**RECORDS TO PROCESS**
━━━━
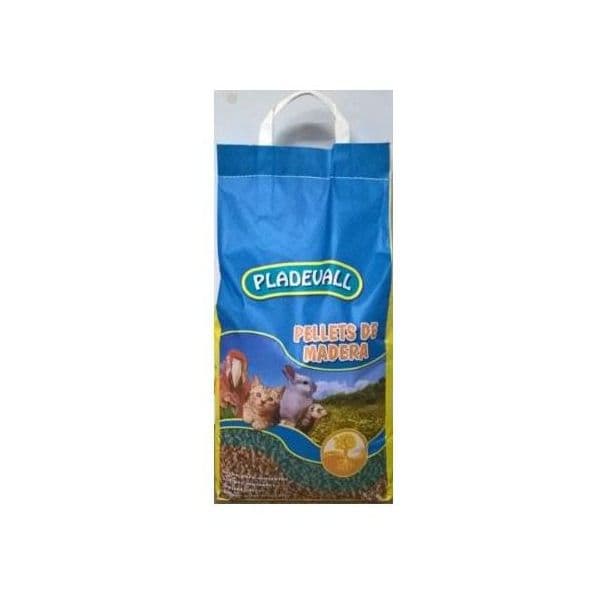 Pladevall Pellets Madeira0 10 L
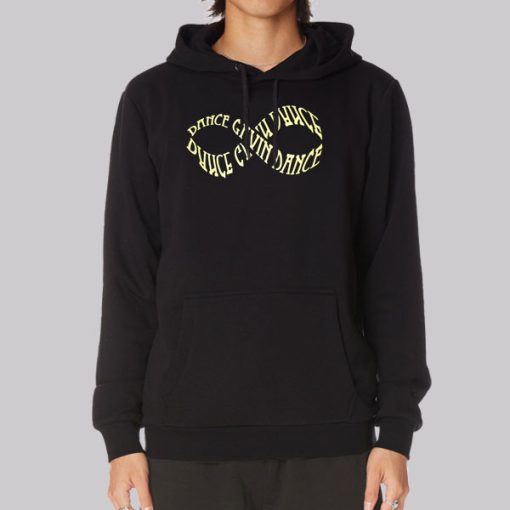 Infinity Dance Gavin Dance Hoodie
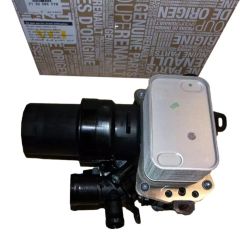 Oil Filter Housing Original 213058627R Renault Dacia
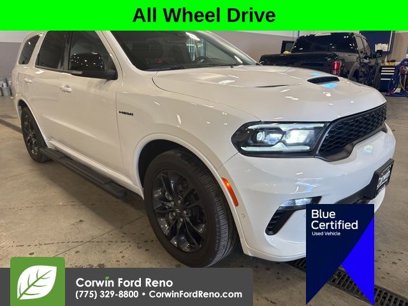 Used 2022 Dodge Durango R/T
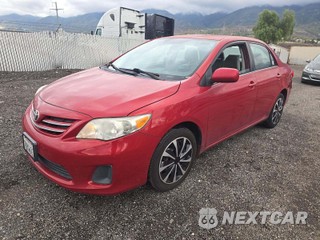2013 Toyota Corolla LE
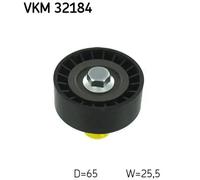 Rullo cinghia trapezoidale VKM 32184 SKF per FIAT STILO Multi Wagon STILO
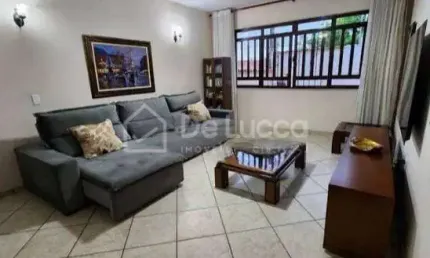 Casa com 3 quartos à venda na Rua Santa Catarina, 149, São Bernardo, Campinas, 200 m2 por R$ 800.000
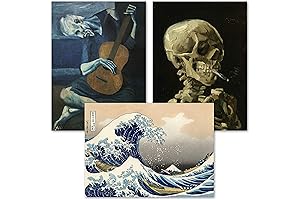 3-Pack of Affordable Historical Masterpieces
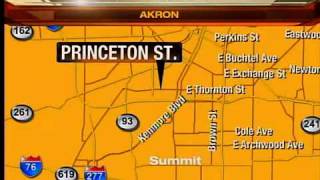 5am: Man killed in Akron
━━━━
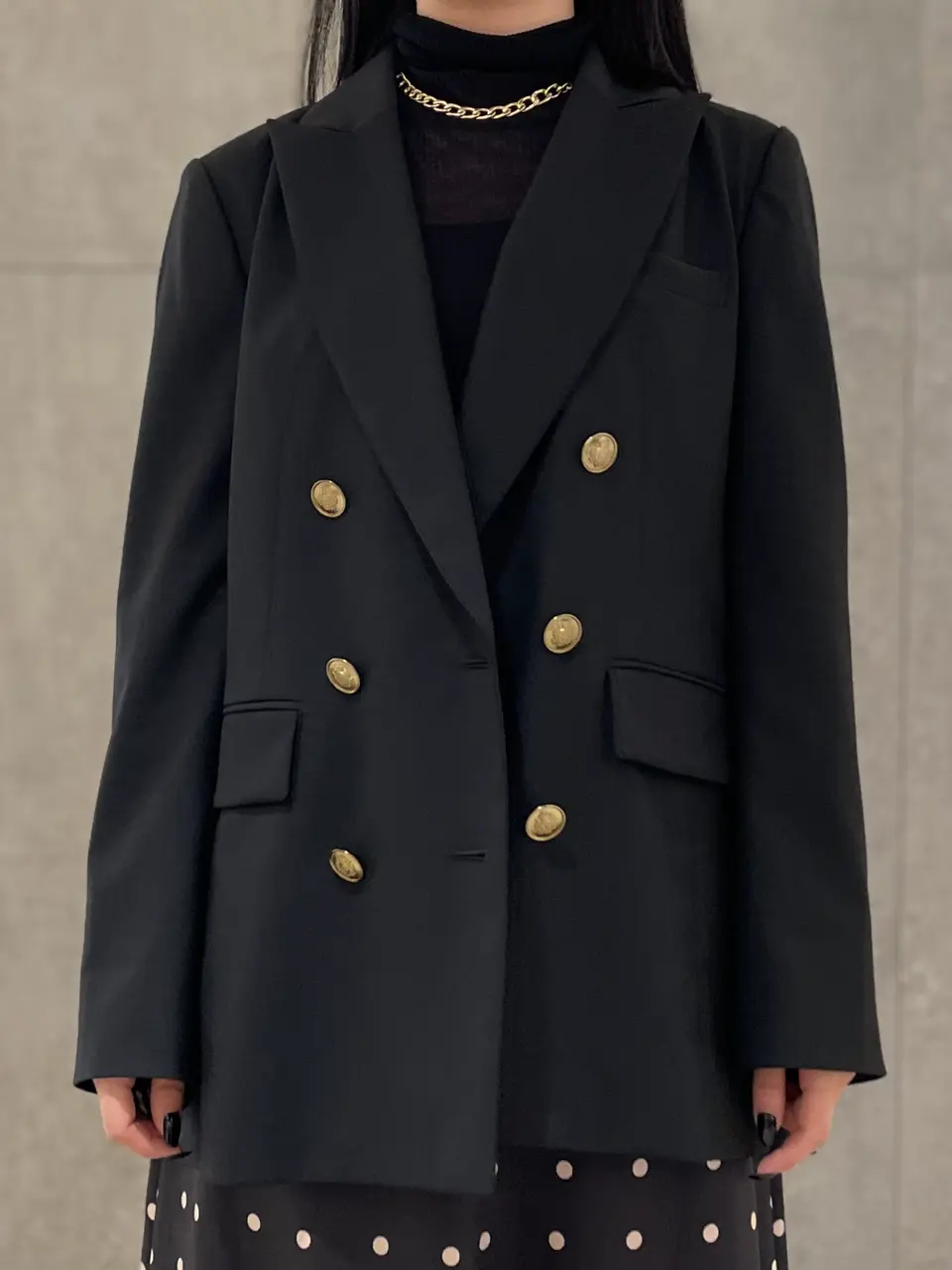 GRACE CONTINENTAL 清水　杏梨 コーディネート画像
━━━━
What is wanted is an exact copy of the lines above from the one containing "3-Pack of Affordable Historical Masterpieces" through the one containing "5am: Man killed in Akron", with no pictures in it.

**SOLUTION**
 3-Pack of Affordable Historical Masterpieces
 5am: Man killed in Akron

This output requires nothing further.